■ **ENTRIES SHOWN**
────────────────────────────────────────

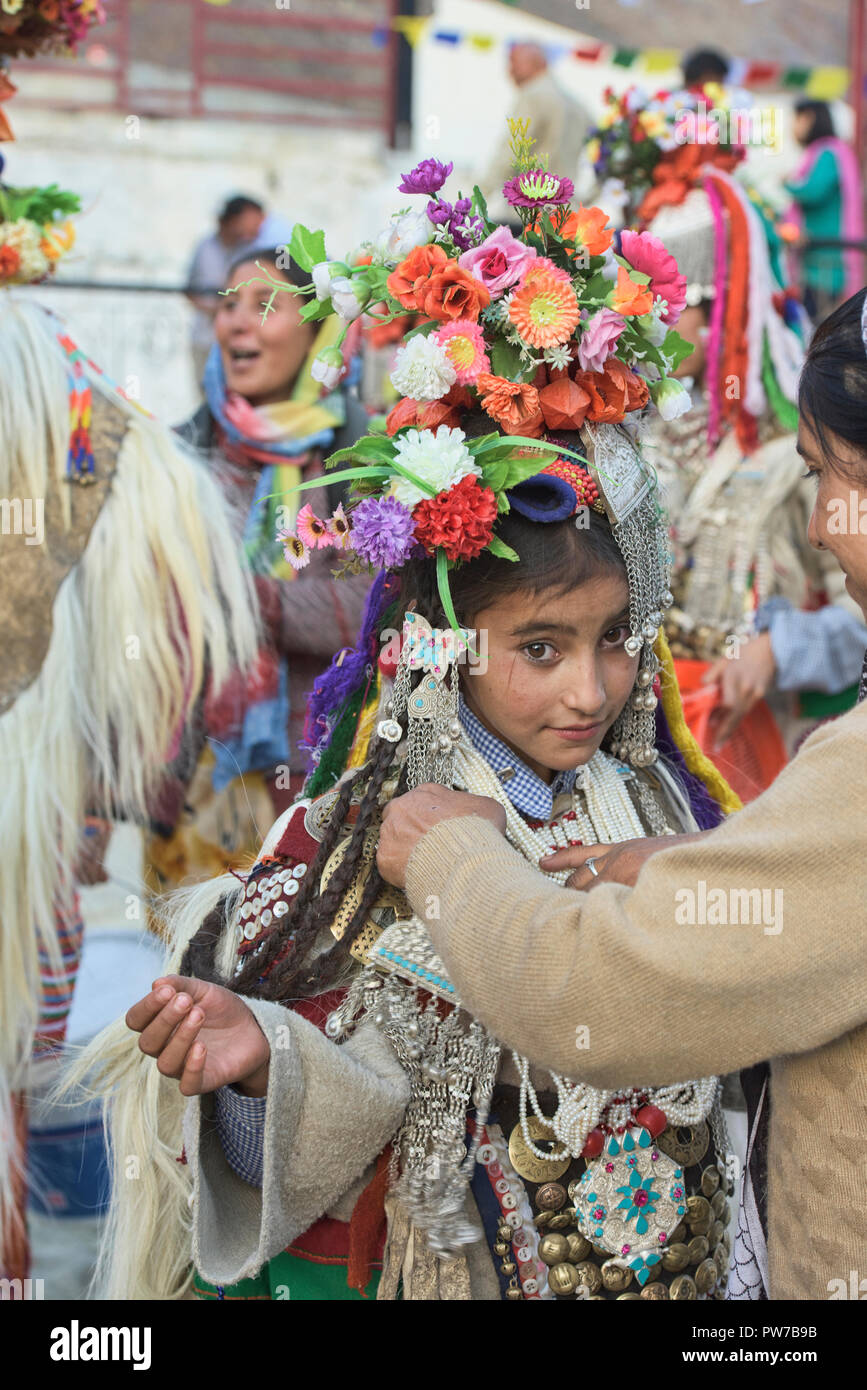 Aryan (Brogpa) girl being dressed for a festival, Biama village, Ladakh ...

────────────────────────────────────────

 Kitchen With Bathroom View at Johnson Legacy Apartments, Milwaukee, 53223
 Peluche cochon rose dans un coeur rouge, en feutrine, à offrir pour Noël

────────────────────────────────────────

■ **AIM OF THE EXERCISE**
Look above for the line containing "Kitchen With Bathroom". Output from there through the line containing "Peluche cochon rose", exactly and inclusively.

■ **WRITTEN RESPONSE**
 Kitchen With Bathroom View at Johnson Legacy Apartments, Milwaukee, 53223
 Peluche cochon rose dans un coeur rouge, en feutrine, à offrir pour Noël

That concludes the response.